Rabbits are very popular pets that are great with children when handled from an early age. Tame rabbits are docile creatures, with tons of personality. Peter Rabbit’s Mr McGregor didn’t know what he was missing out on.
Here are some healthy bunny tips!
Food and Drink
Rabbits need a variety of food. In the wild they eat grass, hay and dark leafy greens, so this is what should be reproduced in your home. Avoid lettuce, as it can cause diahorrea, and carrots should only be given as a treat because of the high sugar content. Some garden plants are poisonous, and must be kept away from Thumper’s run. These include rhubarb, plant bulbs such as daffodils, foxglove, laburnum and oak leaves.
On top of grass and hay, a measured amount of extruded rabbit pellets ensure all nutrients are offered. Don’t go overboard no matter how much they like it though, because it can lead to obesity.
It goes without saying that fresh water must always be available. Use a hanging drip drinker and change it every day.
Hutches should be draft and rain proof, and they are best raised to prevent damp seeping in. Ensure that you clean them out regularly, and when it’s cold cover the front to prevent wind chill.
The run should be large enough for your rabbit to stretch out and enjoy comfortable living.
Move the run around your garden to source fresh grass. If you have an indoor bunny, ensure that its tray is frequently cleaned, and that any wires are boxed in. Bored bunnies will chew anything! To prevent boredom, bunnies are best kept in pairs, but they also live alongside guinea pigs quite happily. Neutering is essential if you plan to keep mixed sex bunnies or you will overrun within months! Females can be neutered from 4 months of age and males from around 3 months of age.
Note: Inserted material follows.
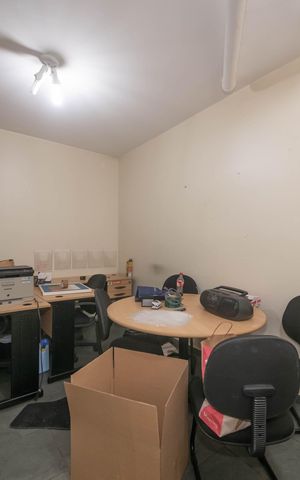 Casa à venda com 260m², 3 quartos e 9 vagasEscritório
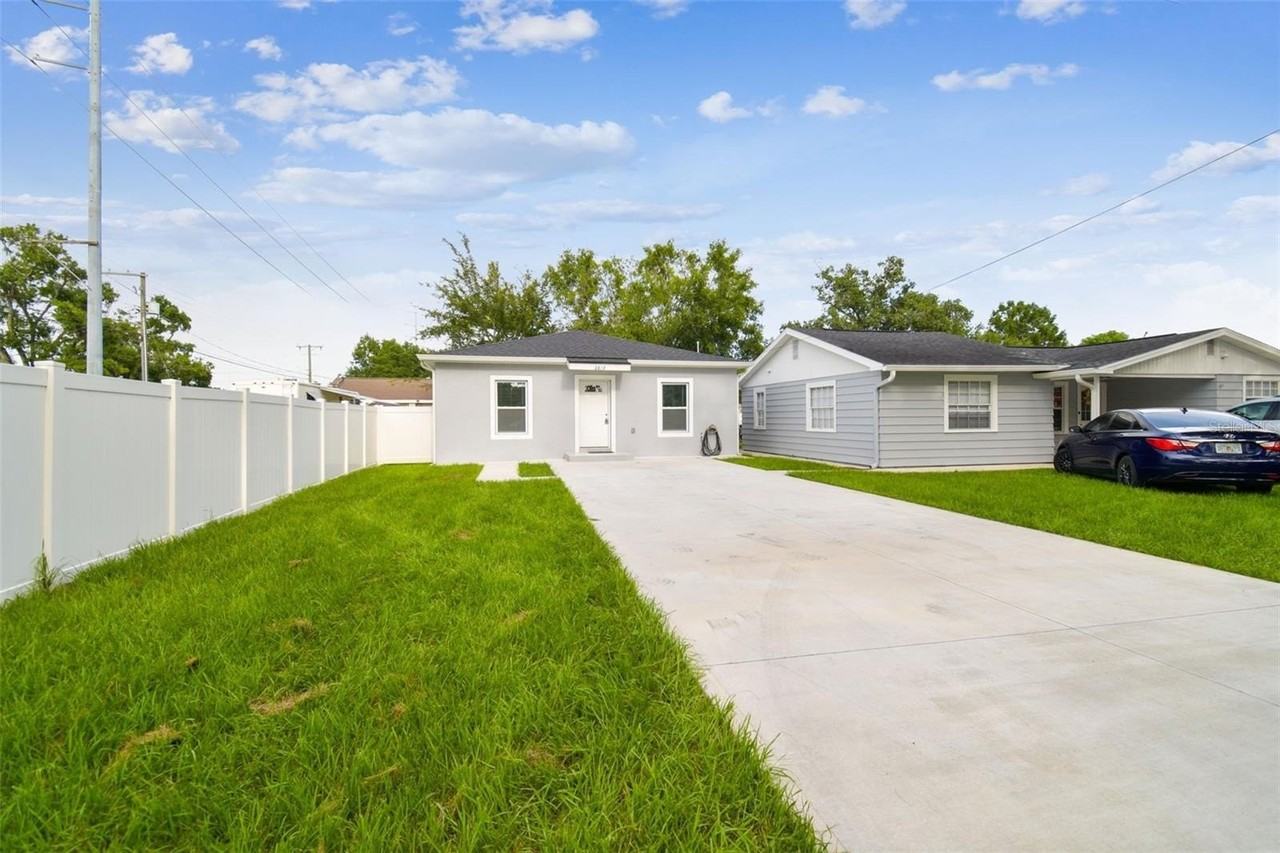 6819 N Sterling Ave - Photo 2 of 19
Pet rabbits should be vaccinated and neutered. Vaccinations cover the dreaded myxomatosis, which can spread to captive bunnies. In summer check under your bunny’s tail for maggot infestations which can lead to fly strike – a fatal condition. It’s a good idea to regularly comb your bunny. Not only does this make them easy to handle, but it keeps their coats in good condition and allows you to check for any injuries.
Rabbits are prone to tooth problems, but lots of grass and hay will help keep their teeth healthy. Give them at least their own body size in hay each day.
Bunnies are a rewarding, family-friendly pet when looked after well. If you are thinking about keeping a pet for your children, then you won’t go wrong with a bunny.